Shown is a rendering of the new Eldersburg Commons retail plaza planned for Carroll County.
Shown is a rendering of the new Eldersburg Commons retail plaza planned for Carroll County. (Rendering courtesy of Black Oak Associates)

Prospective tenants for Eldersburg Commons are nearing the final stages of discussions to locate at the shopping center set to replace the former Carrolltowne Center.

Restaurants and retailers such as AT&T, Chipotle Mexican Grill, Noodles & Company, Petco, T.J. Maxx, and Vitamin Shoppe are working on letters of intent to locate at the new shopping center, according to Adam Miller, a leasing agent and principal with KLNB Retail.


Sleepy's Mattress is also in discussions to open a location at Eldersburg Commons, but is not as far along in the process as the other retailers, Miller said.

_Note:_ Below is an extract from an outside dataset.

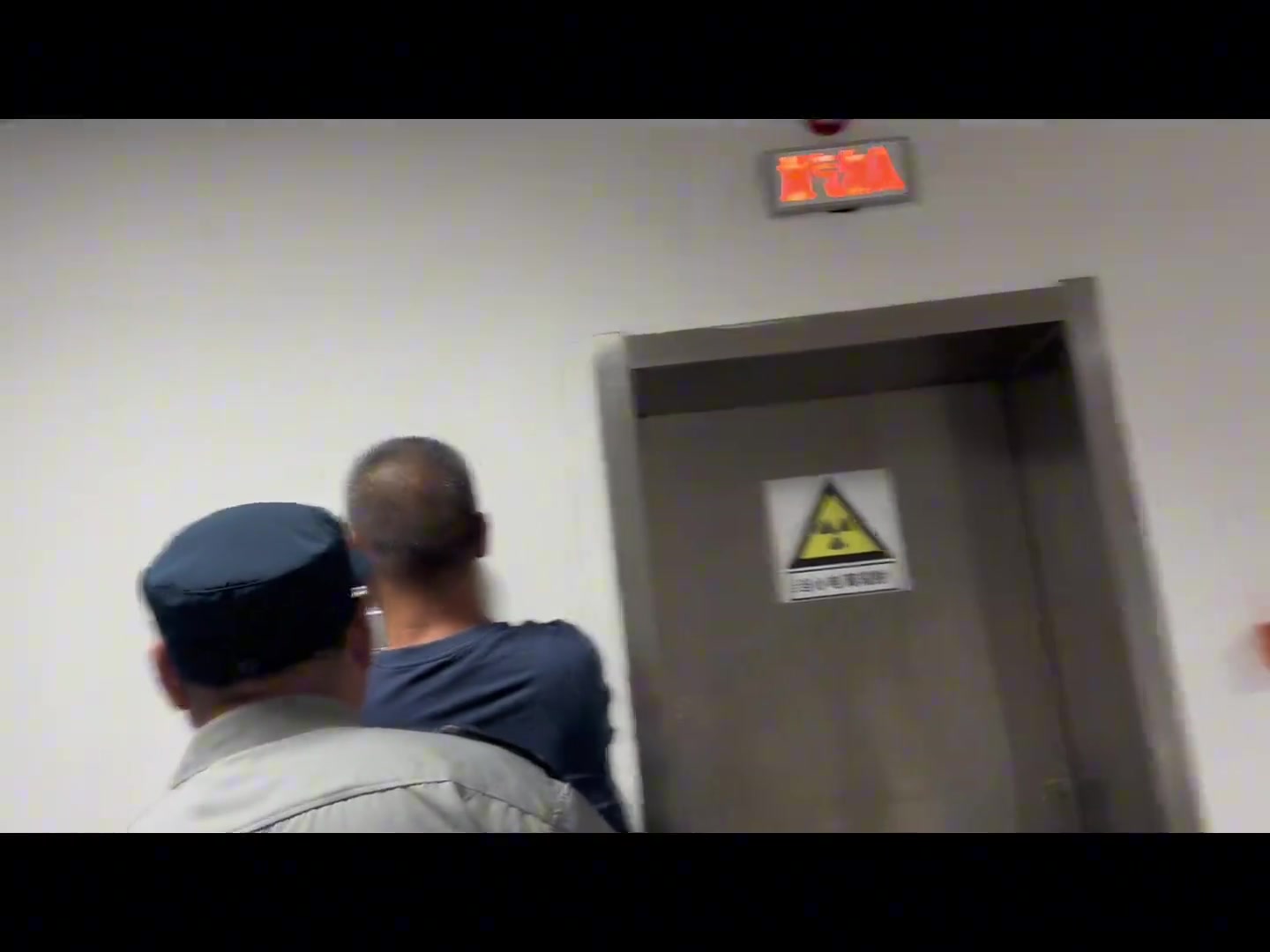 不是，让你按门铃，没让你按消防警报啊，气晕了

Black Oak Associates, based in Owings Mill, is in the midst of a $50 million project to turn the former Carrolltowne Center into Eldersburg Commons, with a Walmart, restaurants and home, fashion and beauty retailers.

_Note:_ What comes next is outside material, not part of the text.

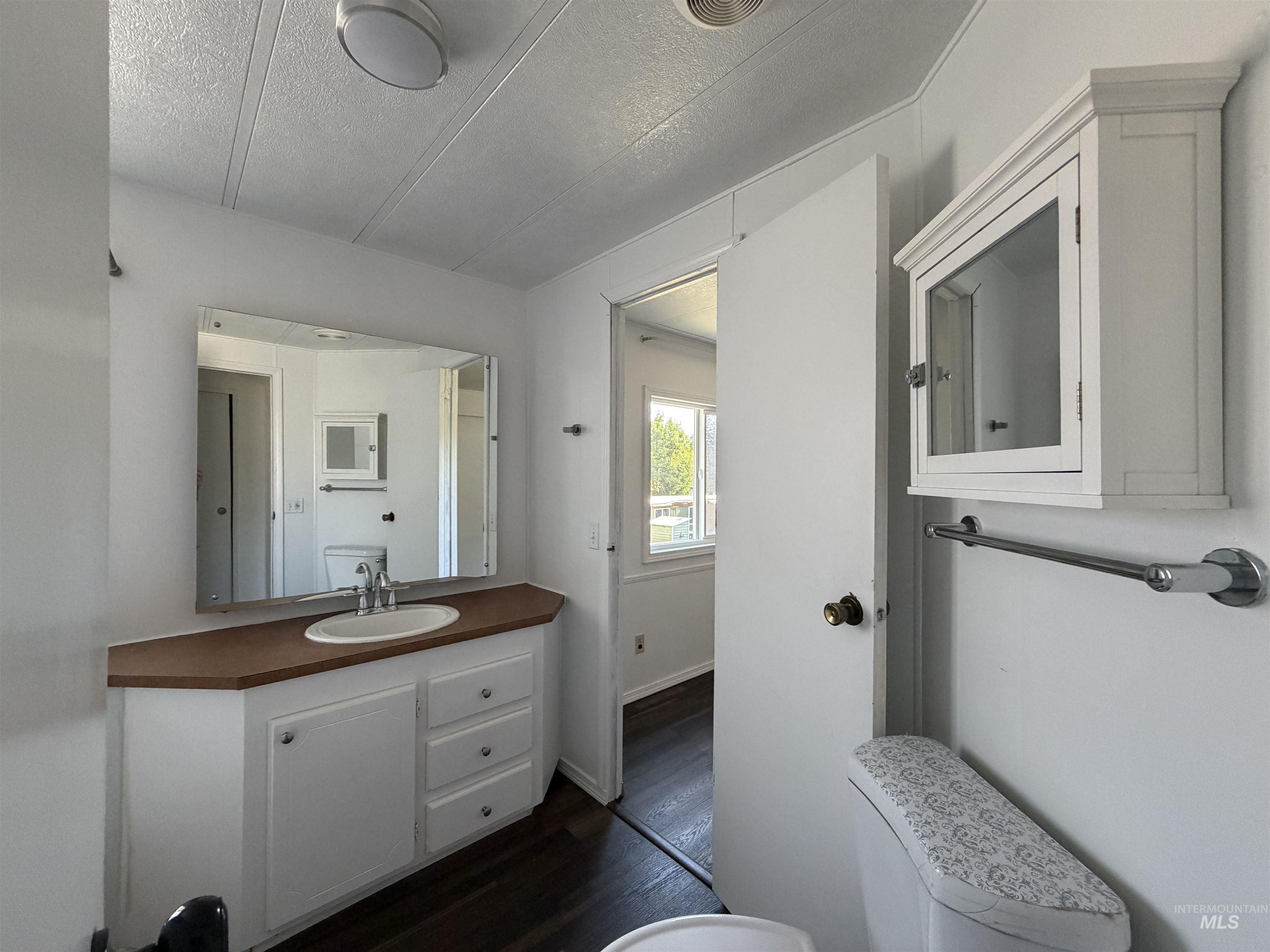 411 N Almon Property Photo 17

Given the timeframe of the project, Miller said the letters of intent could be signed in about 60 days with a lease signed about 60 to 90 days after that.

Miller said the project has been "very well received" by both national chains and local businesses.

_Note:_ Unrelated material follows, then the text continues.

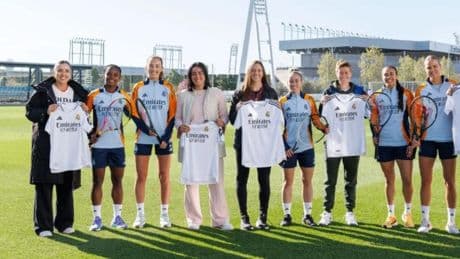 El Real Madrid femenino recibe una visita muy especial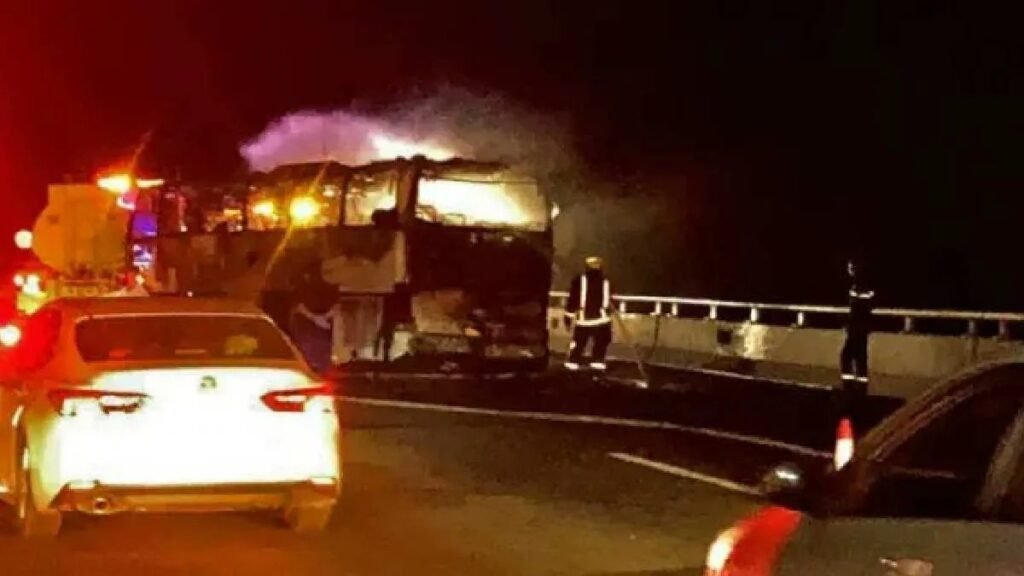 Saudi Arab bus accident : मक्का से मदीना जा रही उमरा यात्रियों की बस दुर्घटनाग्रस्त, 42 भारतीयों की मौत की खबर Saudi Arab bus accident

KLNB has been in discussions with a number of local businesses for a potential location in Eldersburg Commons.

These businesses include a bakery, bike shop, craft store, shoe store, and restaurants, Miller said.

Dixon Harvey, president of Black Oak, said he is "happy with the progress" on the project thus far, but acknowledged the weather has not been cooperative since Thanksgiving.

Black Oak had originally proposed a fall 2014 opening, but Harvey said the opening date is now in flux.

The weather over the next three months will play a big role in whether the opening is pushed into 2015, he said.

The former Carrolltowne Center has been almost completely demolished. The next step in the project is to begin installing underground utilities and site grading, Harvey said.

Residents in the area won't see buildings beginning to take shape on the site until early summer, according to Harvey.

There will be space for 18-20 tenants at Eldersburg Commons and like Miller, Harvey said there's been "great interest" from local and regional retailers.

"We're feeling good about it," he said.

Big Lots is still open while construction is ongoing and Harvey said they are in constant conversation with the retailer, but the store's future has yet to be decided.